KFC wants the world to know: There’s no such thing as an eight-legged, six-winged chicken.
Among the urban legends that have dogged the fried-chicken chain for years, it seems a particularly stubborn one alleges that the company has created a mutant strain of arachnid chickens capable of producing a bumper crop of drumsticks and hot wings.
Apparently, the rumors have proved so persistent in China, where KFC is the largest fast-food purveyor of fried chicken, that parent company Yum Brands has filed suit against three companies, according to Reuters, that it charges have been among the most persistent online rumormongers: Yingchenanzhi Success and Culture Communication, Shanxi Weilukuang Technology Co., and Taiyuan Zero Point Technology.
Lost in the translation here is why, exactly, these three companies might have fueled a widespread campaign of chicken disinformation on the Internet. Neither Reuters nor any of the news organizations that have picked up the story appear to speculate about what might have motivated the corporate triad to try to bring down KFC with stomach-turning allegations of monster spider chickens.
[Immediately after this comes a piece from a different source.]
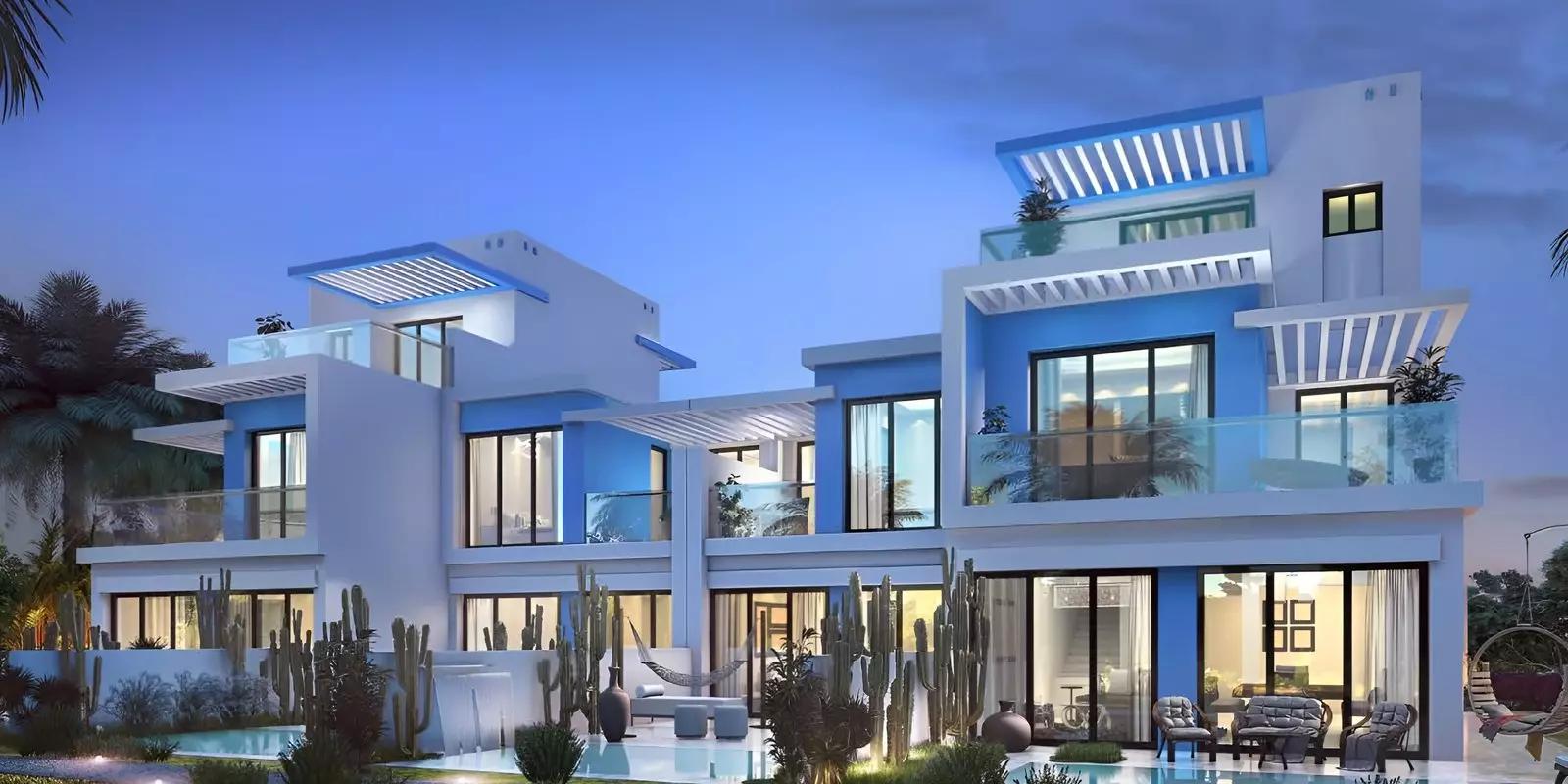 Community pool area at Santorini, DAMAC Lagoons, Dubai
The chain says it has found upwards of 4,000 messages online containing libelous claims—including photos!—that have been viewed more than 100,000 times. KFC is seeking the equivalent of $242,000 from each defendant as well as an apology. The Shanghai Xuhui District People’s Court has accepted the case, according to the Associated Press.
Even as KFC pursues tough legal action to defend its reputation, its PR response would appear at once dismissive and also possessed of a healthy dose of online snark—though again, there may be something off in the translation here. As Reuters reports, a statement on KFC’s China website reads, “The rumors about KFC using chickens with six wings and eight legs have been around a long time,” and it goes on to chide the gullible for even entertaining the notion that such a thing were scientifically possible, saying that if the company had somehow managed the feat, “it could be in the running for a Nobel Prize.”
As recently as February, KFC found itself on the defensive yet again here in the U.S., fending of similar rumors about Frankenchickens as well as the decades old canard that the federal government had ordered the chain to switch its name from Kentucky Fried Chicken because it had stopped serving up “real chickens” in favor of test-tube-generated, genetically engineered creatues that are a far cry from a barnyard bird.
“There is absolutely no truth to this ridiculous urban legend, which has been debunked many times,” a KFC spokesman told Business Insider via email. “KFC uses top quality poultry from trusted companies like Tyson and Pilgrim’s Pride—the same brands customers know from their local supermarkets.”
Yet in a bizarre way, could the rumors about spider chickens turn out to be not such a bad thing for KFC? Sure, some conspiracy-minded sliver of the population will no doubt continue to want to enlighten the rest of us about the “truth” regarding what those mad scientists are up to over at KFC and other fast-food chains. But next to outlandish rumors like the eight-legged chicken, the scary reality of what Big Food is actually doing on its factory farms comes to seem, well, normal.
“Modern factory-farmed chickens look very little like their wild chicken ancestors,” as the ASPCA describes it. “Thanks to selective breeding—combined with low-dose antibiotics, excessive feeding and inadequate exercise—factory-farmed meat chickens grow unnaturally quickly and disproportionately. While their breasts grow large to meet market demand, their skeletons and organs lag behind. Many suffer heart failure, trouble breathing, leg weakness and chronic pain. Some cannot support their own weight and become crippled, unable to reach food and water.”
Turns out the truth can be just as unappetizing as fiction.